» **AIM OF THE TASK**: Take the listing and give it again exactly, from its first line to its last line.

» **SOURCE MATERIAL**:
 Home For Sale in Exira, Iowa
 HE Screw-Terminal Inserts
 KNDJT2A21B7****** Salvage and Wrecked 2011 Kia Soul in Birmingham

» **ANSWER AREA**:
 Home For Sale in Exira, Iowa
 HE Screw-Terminal Inserts
 KNDJT2A21B7****** Salvage and Wrecked 2011 Kia Soul in Birmingham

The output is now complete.